Under Durham, he could be held insane and therefore not culpable. Why? Well, there is evidence showing that he only does this when under the influence of a psychotic episode of his illness. Where the evidence indicates that the criminal act is a result of the mental illness – like the act only happening during such episodes – the Durham test would be more likely to view the criminal act as the product of a “diseased mind” and therefore hold Trent to not be culpable by reason of his insanity.

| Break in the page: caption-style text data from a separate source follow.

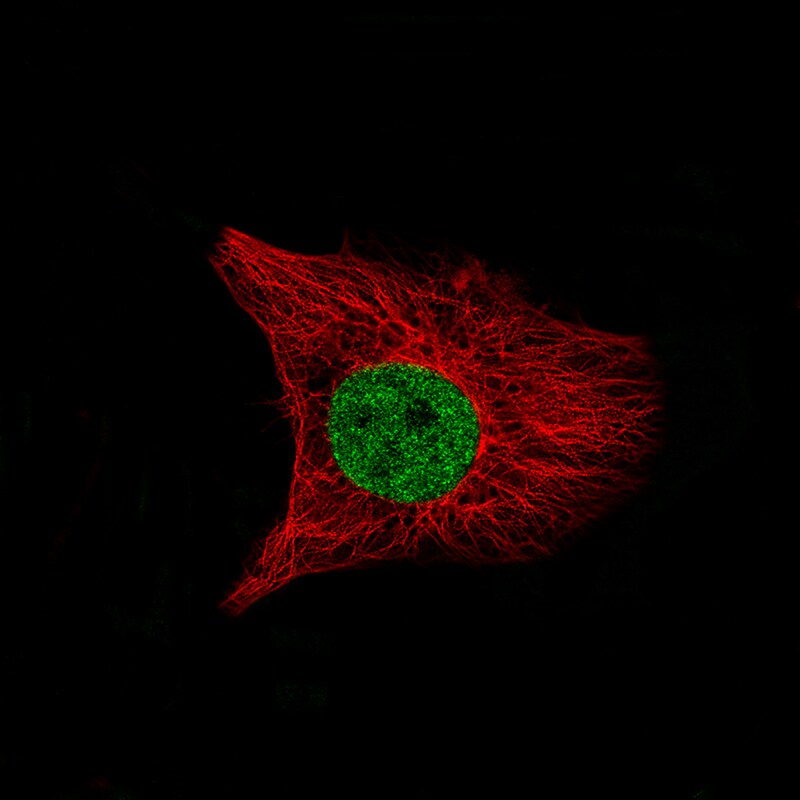 SATB2 Antibody (CL0320) Immunocytochemistry/ Immunofluorescence: SATB2 Antibody (CL0320) [NBP3-52448]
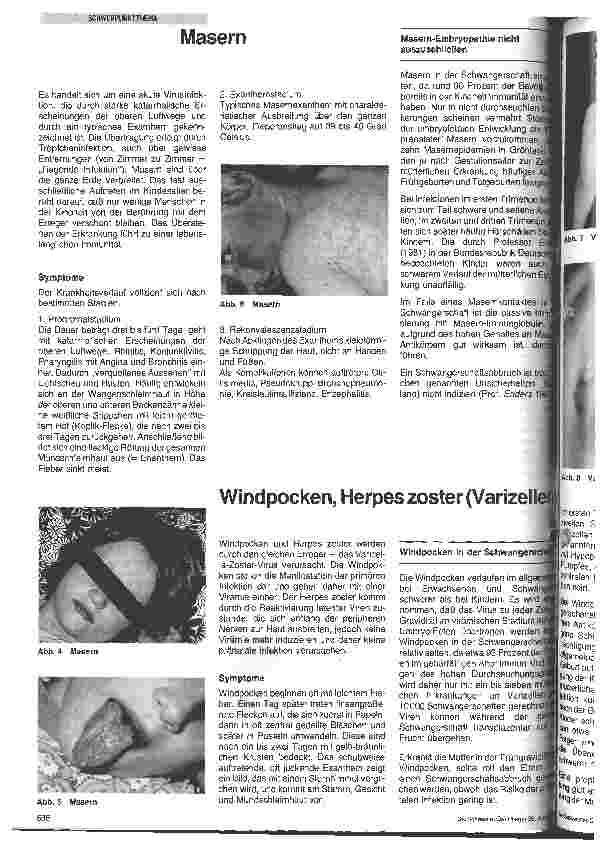 Vorschauseite 3: Virusinfektionen in der Schwangerschaft und in der Periatalperiode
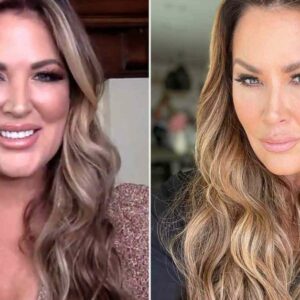 Emily Simpson's facelift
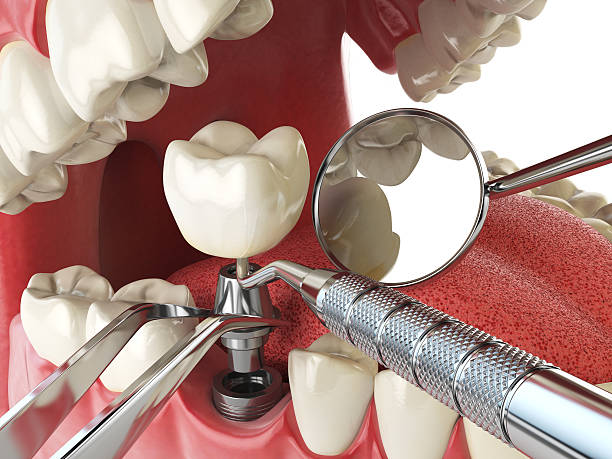 Tooth Infection Emergency Dentist in AL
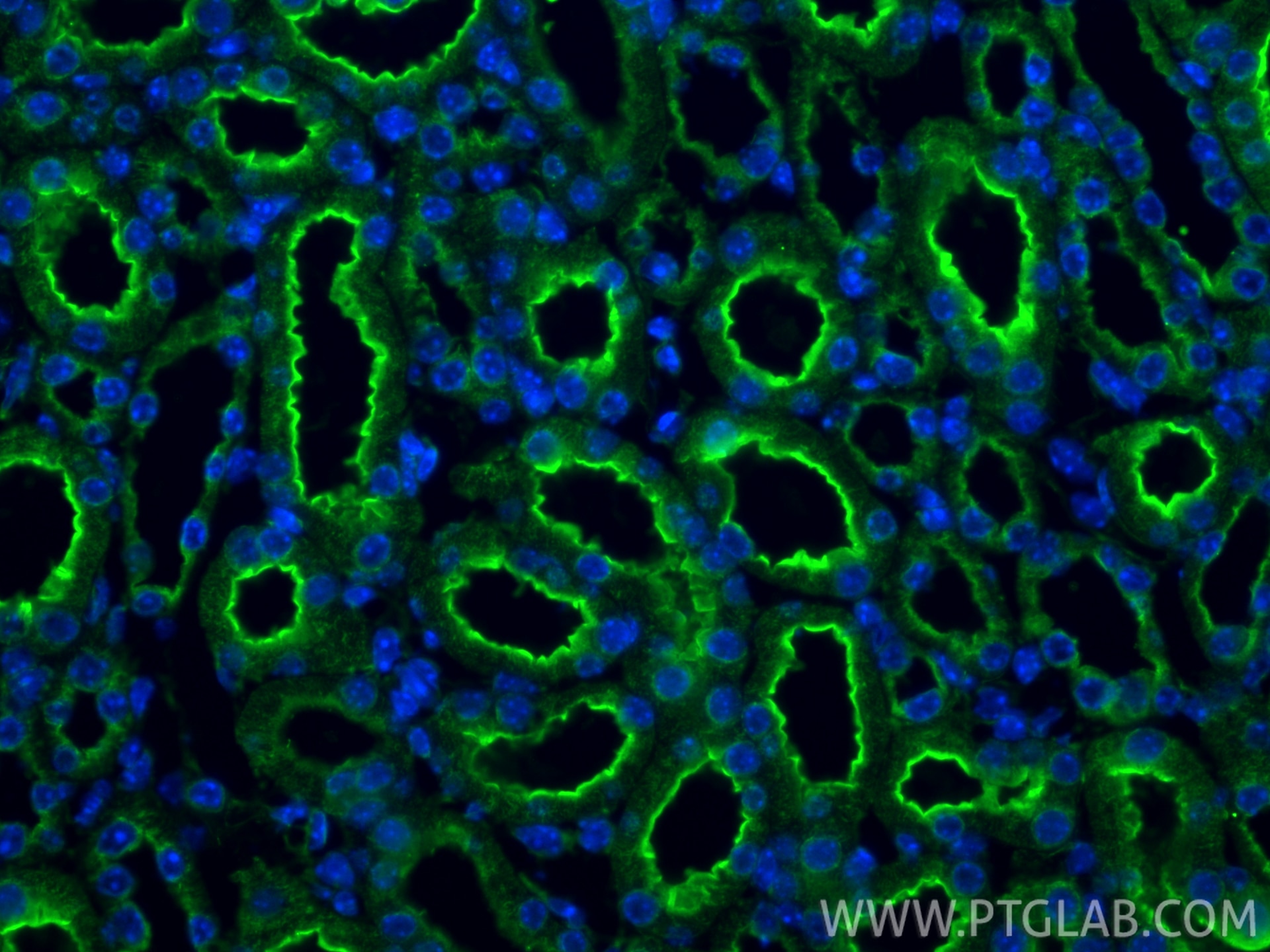 Immunofluorescence (IF) / fluorescent staining of mouse kidney tissue using SLC5A8 Polyclonal antibody (21433-1-AP)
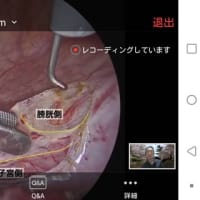 子宮内膜症はなぜ手遅れになるまで見つからないのか その4 ラパロスコピストの夢 子宮内膜症はなぜ手遅れになるまで見つからないのか その4 ラパロスコピストの夢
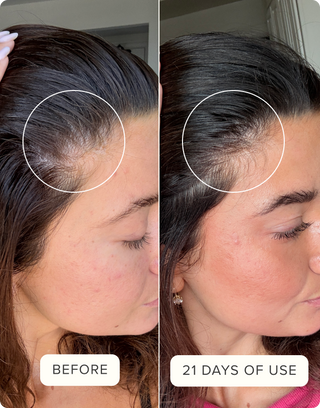 Before & After Hair Protein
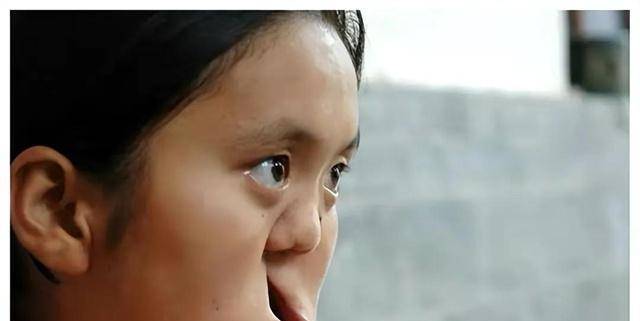陕西农民捡到坑面女婴,为帮养女整容送走儿子,变美后她嫁给哥哥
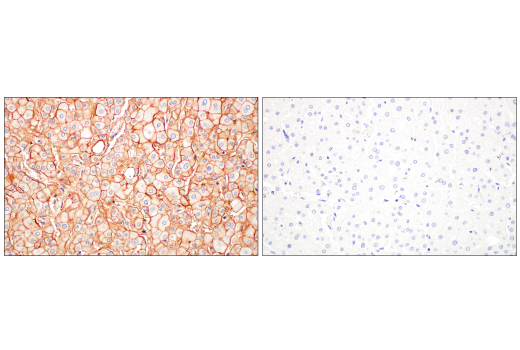Immunohistochemistry Image 12: JAM-A (E8D2N) Rabbit Monoclonal Antibody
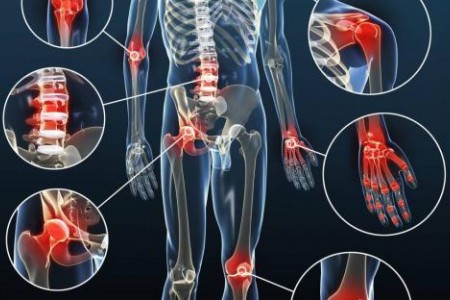 АРТРИТ СИМПТОМИ. ВИДОВЕ АРТРИТ. ЛЕКАРСТВА ЗА АРТРИТ АРТРИТ СИМПТОМИ. ВИДОВЕ АРТРИТ. ЛЕКАРСТВА ЗА АРТРИТ
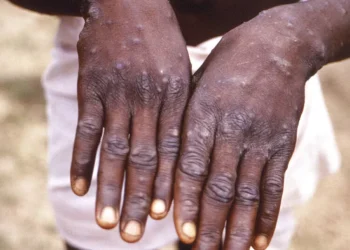 La République centrafricaine et le Kenya confirment des foyers de variole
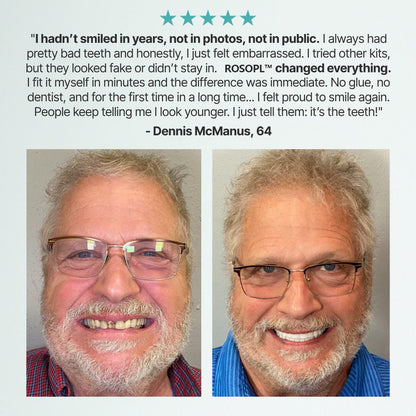 -🦷HazyGalaxy™ Custom-Fit Functional Dentures — Made in the USA, Up to 70% OFF for a More Confident Smile!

Under the MPC standard, though, or the “substantial capacity test,” we would agree the first prong is satisfied: there was a mental illness that Trent was influenced by. When we get to substantial capacity to appreciate criminality, though, things get a little muddy. Trent obviously thinks that this act is funny and a joke, which tends to indicate he does not appreciate the fact that what he is doing is sexual assault. Likewise, the fact that he shows Sam the picture tends, again, to indicate that he lacks the ability to appreciate the criminal nature of his offense. In this case, then, merely knowing it was “wrong” wouldn’t be enough to overcome an insanity defense on its own, because the question is whether or not Trent has the substantial capacity to grasp that what he is doing is a highly criminal activity. By introducing evidence that he lacks the substantial capacity to appreciate the criminality, and by showing he acts in such a manner under the influence of a mental illness, Trent could set forth – in theory – a viable insanity defense under the Model Penal Code standard.

Alright, so the MPC created a lesser standard of insanity that is applied everywhere today?

…No.

Right after it was introduced in 1961, federal courts and state courts started adopting the Model Penal Code standards, sure. However, over time many states started to revert back to some version of the M’Naghten rule, either with or without the irresistible impulse kicker, shortly thereafter. Today only 18 states out of 50 rely on the Model Penal Code Section 4.01 as the basis of their insanity defense guideline. So it is, under the state law guidelines, very much a minority rule – though not as “minority” as Durham which, you may remember, is literally only the goddamn law in New Hampshire.

As for the federal courts? Well, around 1972 almost every federal court had adopted the Model Penal Code standard for determining insanity as a defense. And it stayed that way until 1982.

When some guy tried to murder the goddamn president to impress an actress, and managed to be found not guilty by reason of insanity under the standard, ushering in yet one more version of the insanity defense – and which circles back to the same reason we had M’Naghten at all.